[Pkg-rust-maintainers] On rust dylibs

Sylvestre Ledru sylvestre at debian.org
Mon Feb 16 18:26:31 UTC 2015


On 16/02/2015 03:36, Angus Lees wrote:
> I'm sure you've already had this conversation in the past, so sorry
> for reopening the topic.  After thinking about this for a bit, my
> conclusions are:
>
> - dylibs (rust shared libraries) aren't ABI compatible between
> compiler releases (yet, they presumably will be one day).  And the shv
> checksum thing on libraries looks promising but isn't used by upstream
> as part of a process for introducing ABI changes.
>
> So I figure our options are:
>
> 1. Use dylibs and have a strong dependency on the specific
> compiler/stdlib version and recompile every rust package when a new
> compiler comes out.
> This probably requires patching trivial SONAME support (just
> SONAME=file name) into the rust compiler, because the various
> dpkg/lintian tools get upset when they don't find an SONAME.
>
> 2. Only use dylibs between rustc and rustdoc since those are released
> from the same source package anyway (even easier if they're all in the
> same binary package).  We have dylibs in the package, but the compiler
> defaults to rlibs (static libraries) and we put a warning somewhere
> suggesting users don't depend on dylib ABI compatibility.
> Requires the same SONAME patch as (1), or disabling the lintian/etc
> warnings.
>
> 3. Don't offer dylibs at all.  Build rustc+rustdoc statically and only
> ship rlibs.
>
> 4. Build dylibs but hide them in a subdirectory not on
> LD_LIBRARY_PATH.  This means rustc+rustdoc (and any other binary that
> uses them) needs to find them via rpath.
>
> -----
>
> If I've understood correctly, (4) is the current Debian packaging
> approach.
>
Indeed.
Luca wanted to go with (1) but as the ABI is not stable yet, we didn't
want to give false hope and expectation to packagers.

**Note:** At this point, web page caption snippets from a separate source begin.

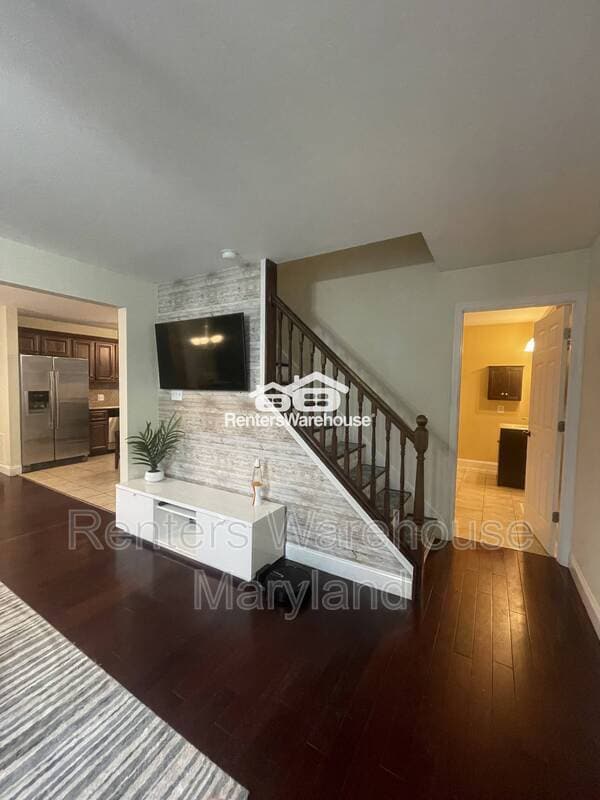 Building Photo - 8203 Watersedge Rd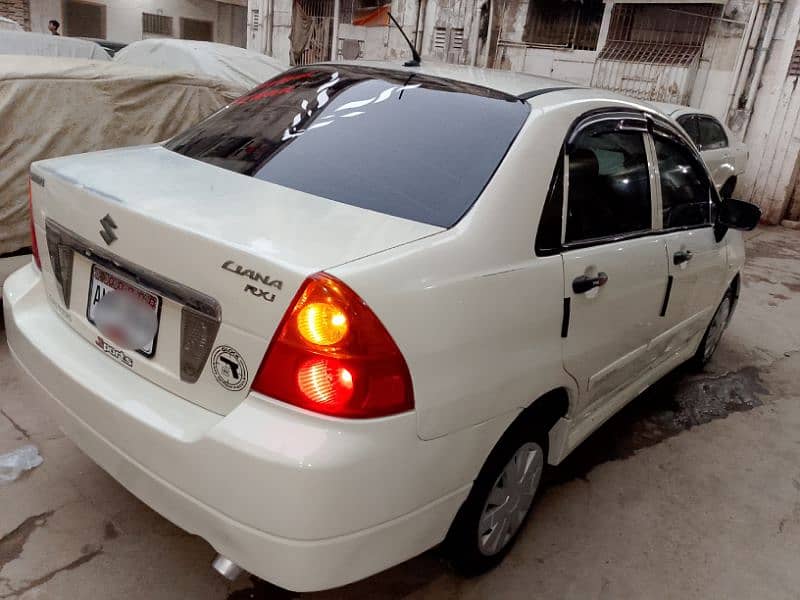 Suzuki Liana 2007 Almost Original Condition White Color Urgent sale 0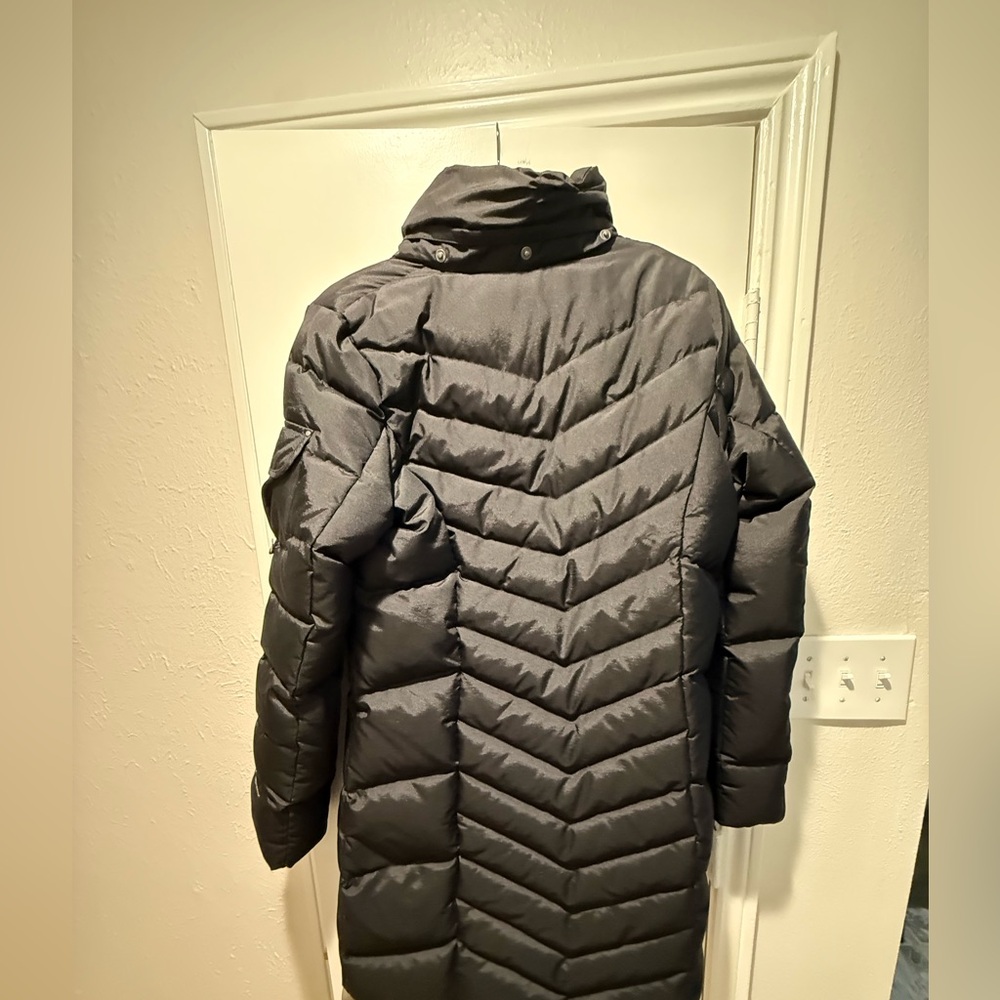 Eddie Bauer Women's Black Puffer Jacket - Picture 8 of 15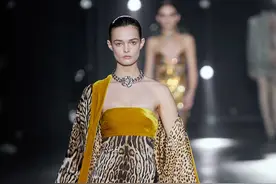 性感张扬，释放野性魅力！Roberto Cavalli 2022秋冬系列图片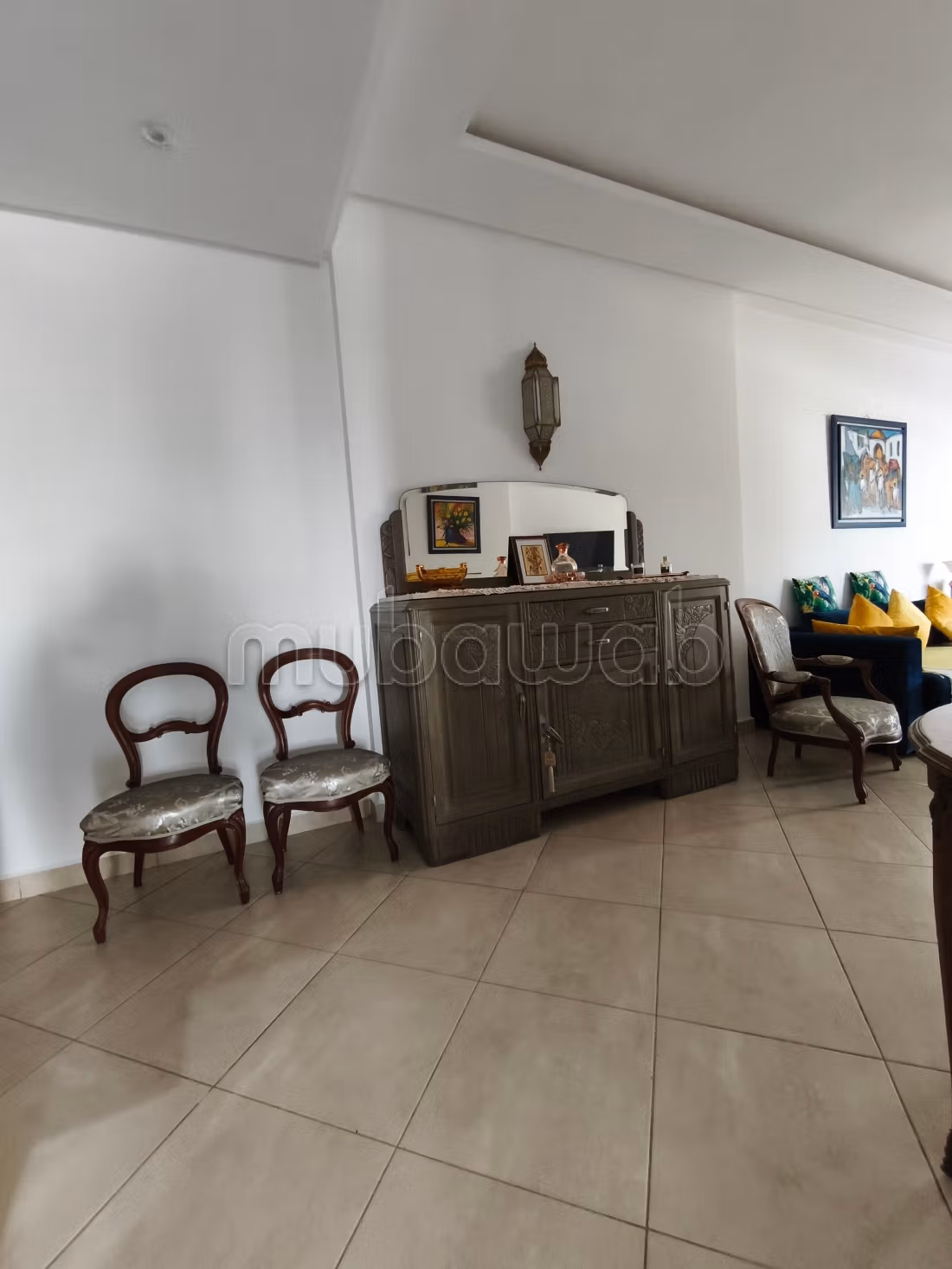 Piso en venta. 3 dormitorios. Amueblado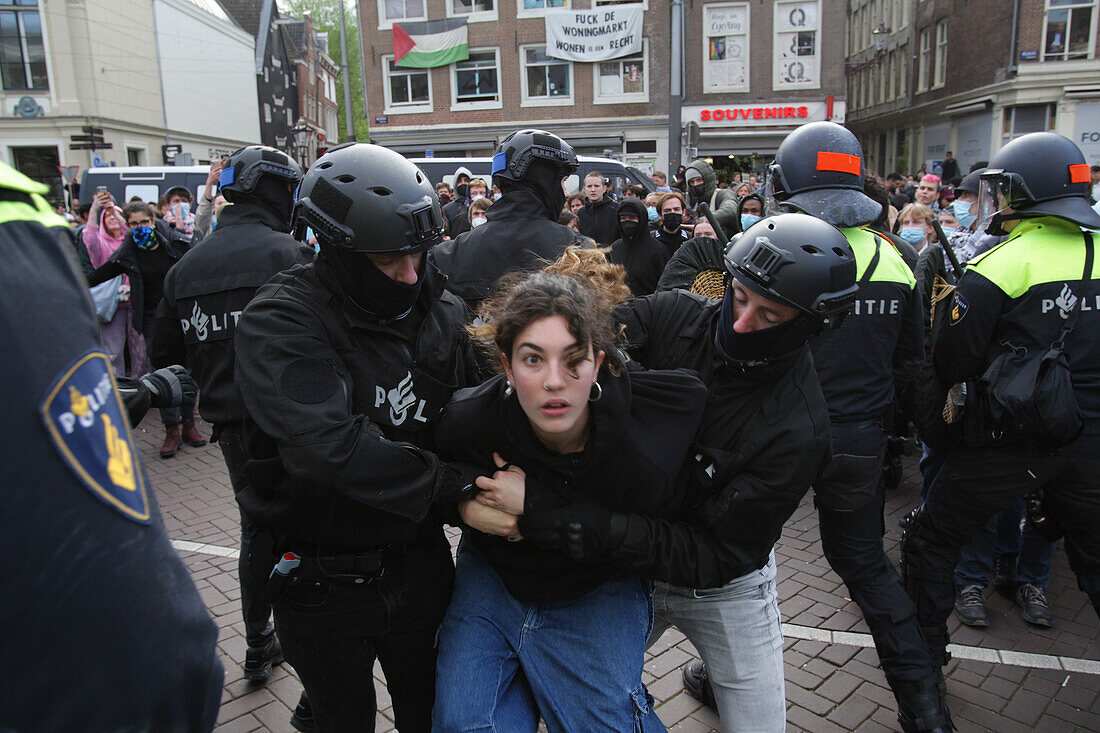 Niederländische Anti-Riot-Polizei durchbricht Barrikaden, die von pro-palästinensischen Studenten errichtet wurden, die gegen den anhaltenden Konflikt zwischen Israel und den Palästinensern an der Universität von Amsterdam protestieren, am 8. Mai 2023 in Amsterdam, Niederlande.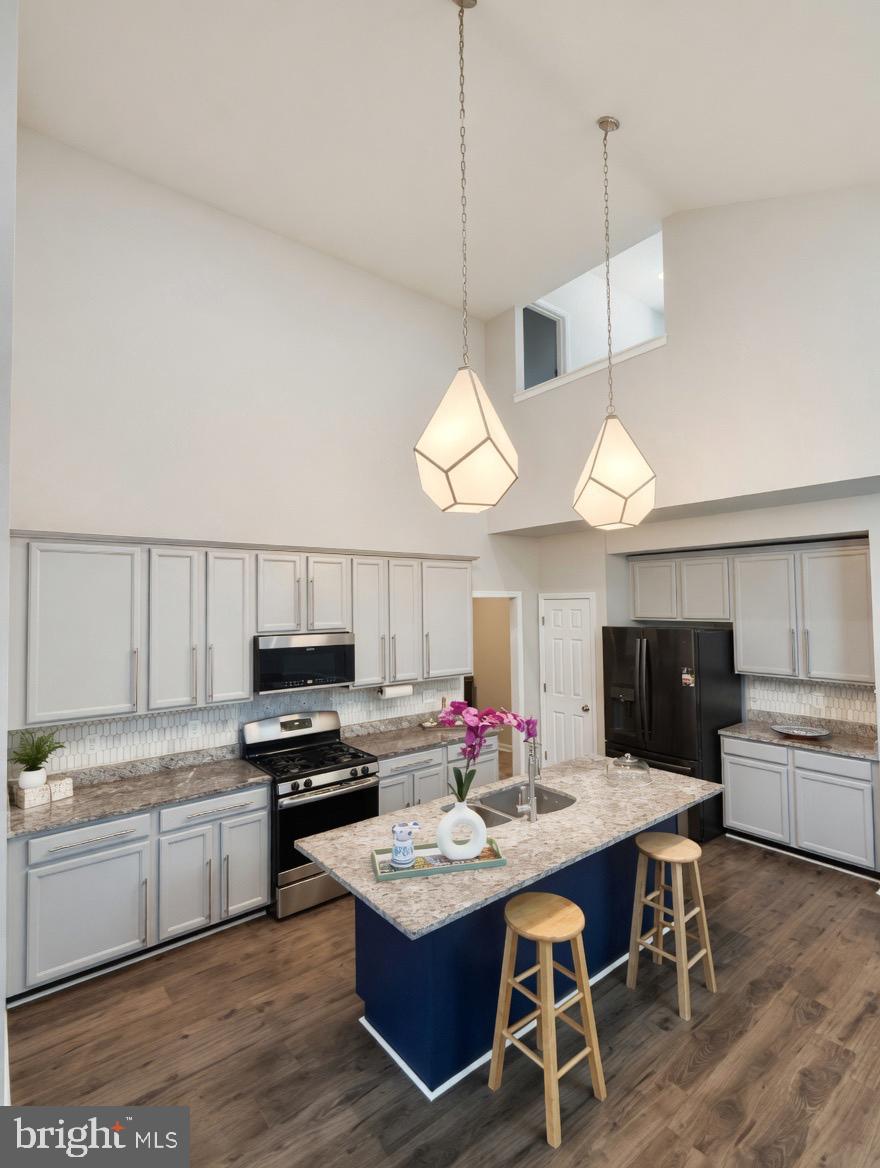 MAYFAIR - Residential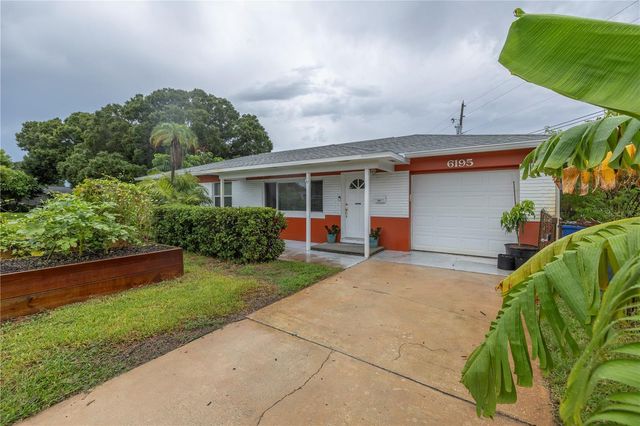 6195 28th Avenue N, ST PETERSBURG
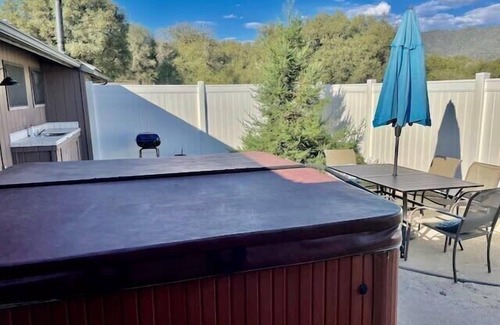 Ahwahnee House | Deer Suite/Hot Tub/Game Room/Sleeps 2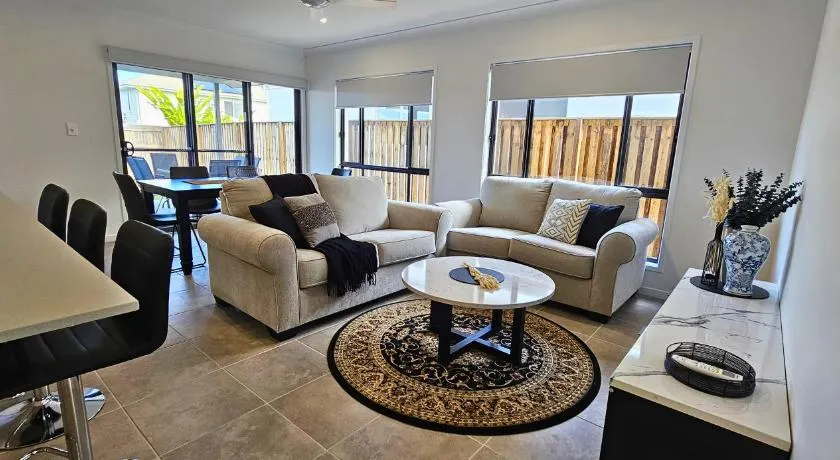 Noble Casa Brand New Estate Sleeps 8 Burpengary East - Image 1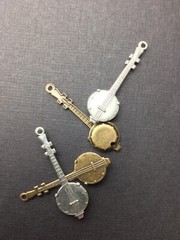 55553- 2 Pc Small Banjo Charm Jewelry Finding Brass Ox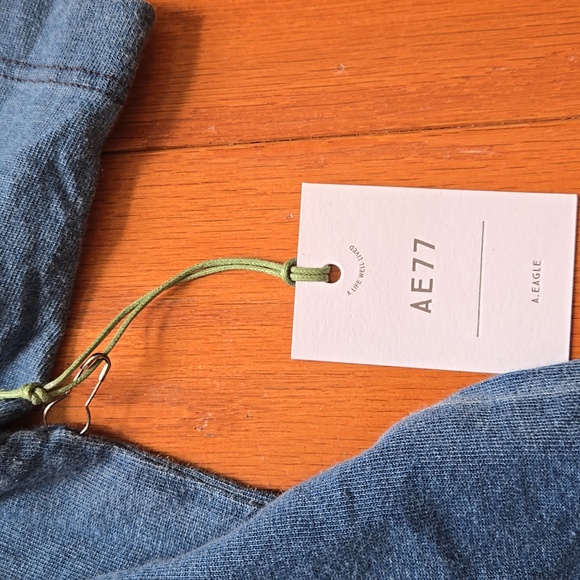 AE77 American Eagle Premium Blue Men's Shirt Small NWT 100% Cotton - Picture 3 of 6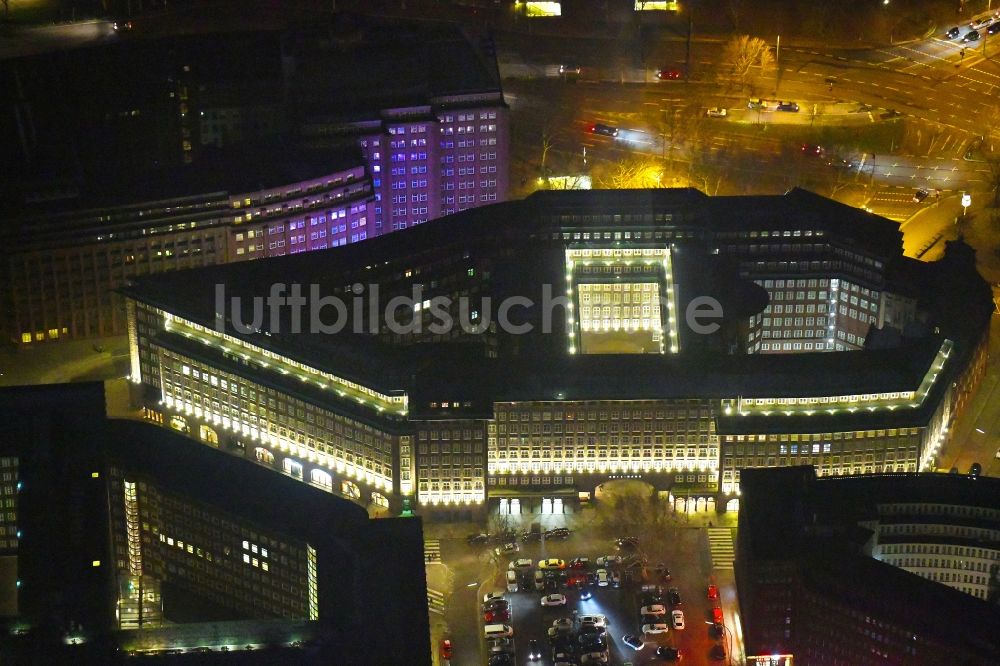 Hamburg bei Nacht aus der Vogelperspektive: Nachtluftbild Bürogebäude des Geschäftshauses Chilehaus Hamburg in Hamburg, Deutschland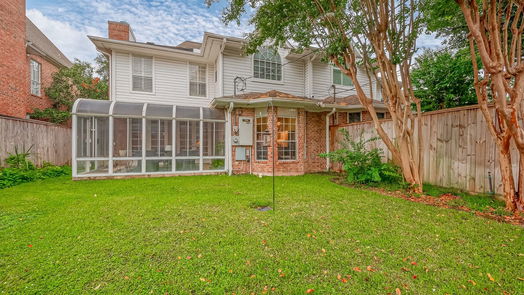 Houston 2-story, 3-bed 5583 Beverlyhill Street-idx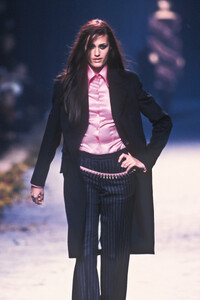 685904777_Chloe1998WomenRTW158.thumb.jpg.03b0babb0f3568f153c5fcdd0eb8f16b.jpg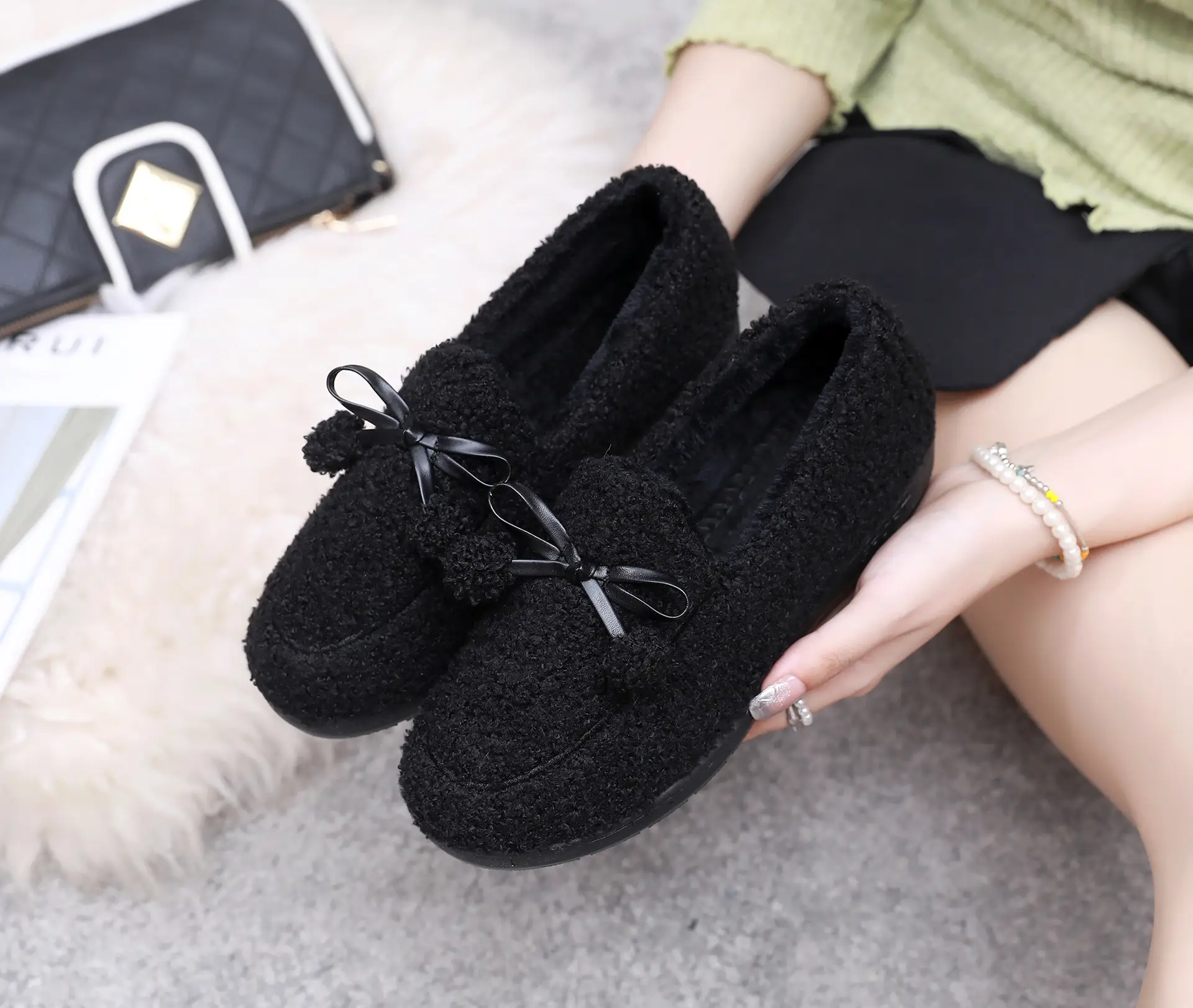 2025 Winter Black Fleece Bow Slippers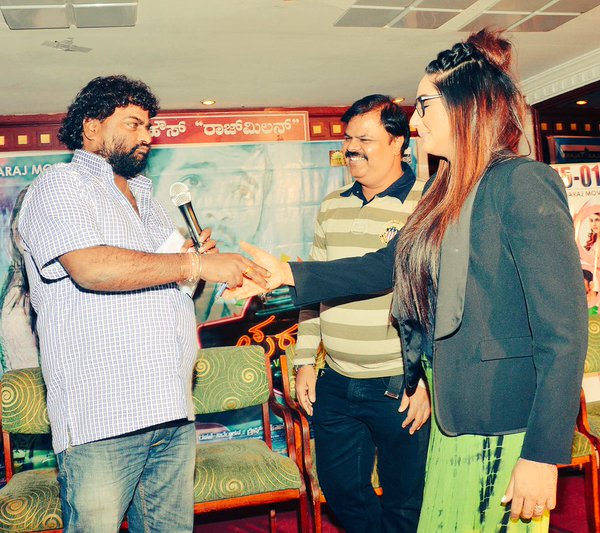 Parapancha is an upcoming Kannada film directed by Krish Joshi and produced by Yogaraj Bhat. Starring Diganth and Ragini Dwivedi in the lead role. Parapancha,Parapancha movie press meet,Parapancha press meet,Ragini Dwivedi,Huccha Venkat,Diganth,Parapancha review,Parapancha movie review,Parapancha movie pics,Parapancha movie images,Parapancha movie photos,Parapancha movie stills,Parapancha movie pict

We decided to go with (4) because it was a safe compromise. We don't
remove features from Rust, we give the opportunity to developers to play
with shared libs until they are stable.
The fact that the libs are not in a public LD places make it pretty clear.

The thread is here:
http://lists.alioth.debian.org/pipermail/pkg-rust-maintainers/Week-of-Mon-20150119/000026.html
+ some IRC discussions.

(3) was not on the table because we see the ABI instability as something
temporary (and Rust being still in NEW)
but I am not strongly opposed to it.